* Task details *
Images stay out. Everything else in the records is repeated exactly.

+ + +

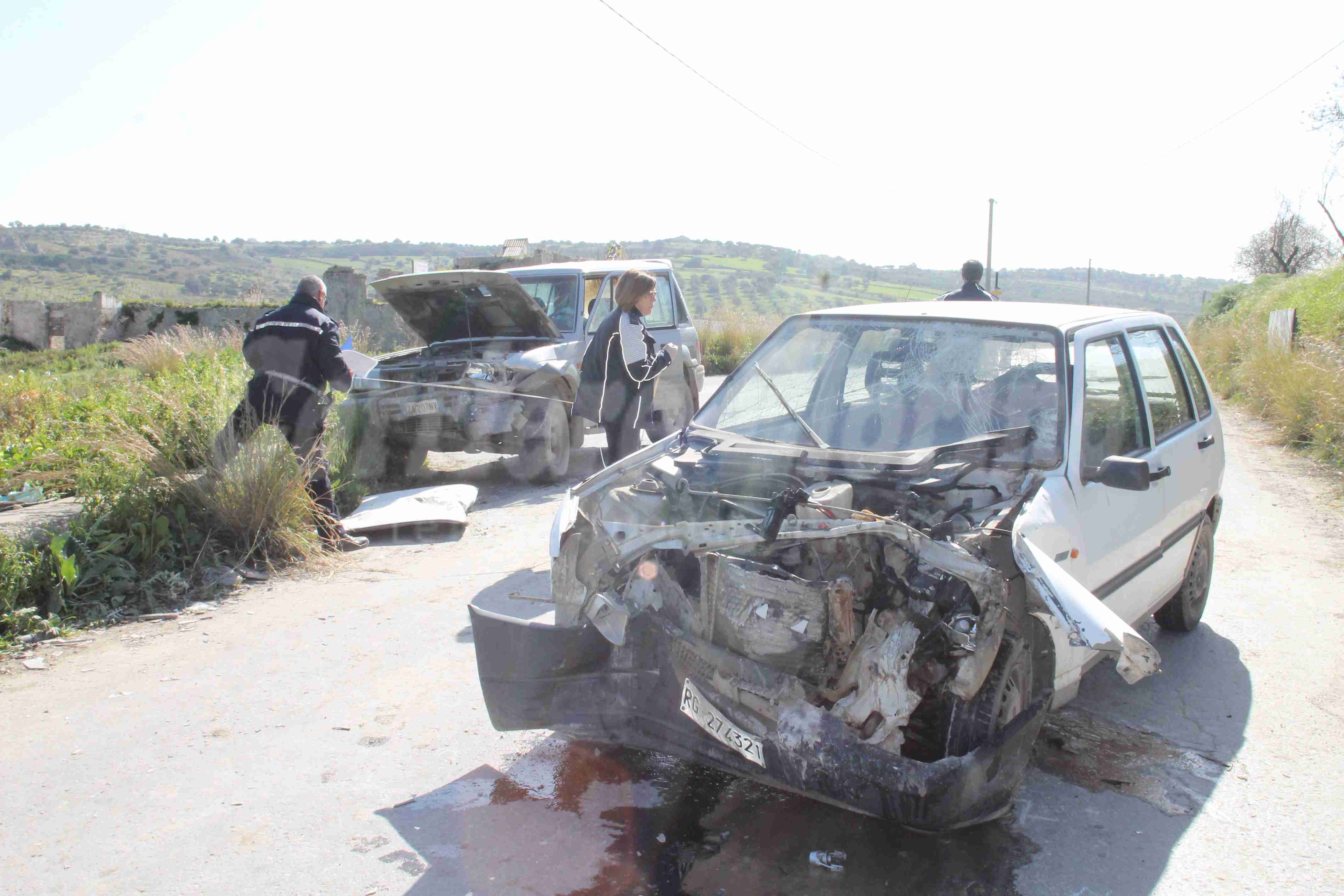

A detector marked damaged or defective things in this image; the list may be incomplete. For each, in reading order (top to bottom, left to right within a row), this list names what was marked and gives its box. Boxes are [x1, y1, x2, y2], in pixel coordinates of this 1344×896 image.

detached hood panel on ground [371, 268, 559, 346]
cracked windshield [699, 316, 1064, 459]
crushed front end [473, 430, 1059, 833]
damaged white car [468, 303, 1226, 833]
torn fender [1011, 532, 1161, 688]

+ + +

* Answer section *
A detector marked damaged or defective things in this image; the list may be incomplete. For each, in reading order (top to bottom, left to right within a row), this list names what was marked and gives its box. Boxes are [x1, y1, x2, y2], in pixel coordinates of this 1344×896 image.

detached hood panel on ground [371, 268, 559, 346]
cracked windshield [699, 316, 1064, 459]
crushed front end [473, 430, 1059, 833]
damaged white car [468, 303, 1226, 833]
torn fender [1011, 532, 1161, 688]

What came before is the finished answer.